[Your assignment]
Which lines of the records below contain the word "vintage"? Copy each of them out.

Top of Dataset

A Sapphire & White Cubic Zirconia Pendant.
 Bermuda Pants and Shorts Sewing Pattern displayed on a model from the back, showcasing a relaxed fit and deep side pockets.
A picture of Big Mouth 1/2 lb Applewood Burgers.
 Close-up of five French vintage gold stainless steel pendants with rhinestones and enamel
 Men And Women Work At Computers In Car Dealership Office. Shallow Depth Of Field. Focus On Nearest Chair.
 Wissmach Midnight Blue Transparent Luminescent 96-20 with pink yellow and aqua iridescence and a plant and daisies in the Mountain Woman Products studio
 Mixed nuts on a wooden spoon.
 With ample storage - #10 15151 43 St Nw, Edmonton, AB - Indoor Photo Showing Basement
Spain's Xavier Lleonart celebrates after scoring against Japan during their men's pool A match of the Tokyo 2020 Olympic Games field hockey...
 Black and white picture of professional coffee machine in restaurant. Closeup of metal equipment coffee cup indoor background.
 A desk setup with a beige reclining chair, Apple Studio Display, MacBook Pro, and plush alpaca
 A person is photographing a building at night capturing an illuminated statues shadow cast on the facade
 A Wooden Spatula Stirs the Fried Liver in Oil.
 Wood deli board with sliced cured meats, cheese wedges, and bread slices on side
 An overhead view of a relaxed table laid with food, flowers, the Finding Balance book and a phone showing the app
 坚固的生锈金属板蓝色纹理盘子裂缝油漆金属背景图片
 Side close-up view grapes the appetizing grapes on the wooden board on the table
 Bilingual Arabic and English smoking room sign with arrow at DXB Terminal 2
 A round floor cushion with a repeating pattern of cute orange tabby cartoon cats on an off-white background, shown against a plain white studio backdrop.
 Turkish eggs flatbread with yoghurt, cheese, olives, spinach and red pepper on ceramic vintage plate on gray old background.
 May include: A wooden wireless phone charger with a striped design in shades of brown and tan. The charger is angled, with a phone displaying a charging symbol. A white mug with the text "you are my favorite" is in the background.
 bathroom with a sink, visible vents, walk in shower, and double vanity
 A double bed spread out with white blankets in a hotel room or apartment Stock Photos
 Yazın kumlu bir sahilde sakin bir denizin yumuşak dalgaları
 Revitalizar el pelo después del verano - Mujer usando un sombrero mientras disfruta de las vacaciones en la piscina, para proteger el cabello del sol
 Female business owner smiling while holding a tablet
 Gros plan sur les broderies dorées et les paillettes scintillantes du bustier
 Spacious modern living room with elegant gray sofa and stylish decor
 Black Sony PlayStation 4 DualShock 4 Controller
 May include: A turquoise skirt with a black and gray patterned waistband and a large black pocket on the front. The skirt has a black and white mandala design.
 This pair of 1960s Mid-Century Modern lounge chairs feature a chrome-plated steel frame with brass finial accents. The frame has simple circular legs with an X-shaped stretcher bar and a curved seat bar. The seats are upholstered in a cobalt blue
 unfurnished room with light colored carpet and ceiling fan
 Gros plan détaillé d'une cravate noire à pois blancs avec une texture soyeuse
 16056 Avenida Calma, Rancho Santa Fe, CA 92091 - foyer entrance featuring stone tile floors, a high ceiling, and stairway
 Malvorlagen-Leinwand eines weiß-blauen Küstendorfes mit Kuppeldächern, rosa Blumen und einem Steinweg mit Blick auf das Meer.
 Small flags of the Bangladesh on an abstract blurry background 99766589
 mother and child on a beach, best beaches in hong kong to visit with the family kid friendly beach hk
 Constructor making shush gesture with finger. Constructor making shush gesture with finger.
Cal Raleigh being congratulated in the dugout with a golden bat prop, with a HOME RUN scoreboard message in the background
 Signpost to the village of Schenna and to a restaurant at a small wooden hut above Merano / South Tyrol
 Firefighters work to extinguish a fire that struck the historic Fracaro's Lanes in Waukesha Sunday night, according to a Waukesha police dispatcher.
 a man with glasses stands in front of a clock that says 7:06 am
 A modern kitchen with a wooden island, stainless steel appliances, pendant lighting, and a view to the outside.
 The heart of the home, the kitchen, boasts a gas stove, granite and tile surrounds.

Bottom of Dataset

[Exercise output]
 Close-up of five French vintage gold stainless steel pendants with rhinestones and enamel
 Turkish eggs flatbread with yoghurt, cheese, olives, spinach and red pepper on ceramic vintage plate on gray old background.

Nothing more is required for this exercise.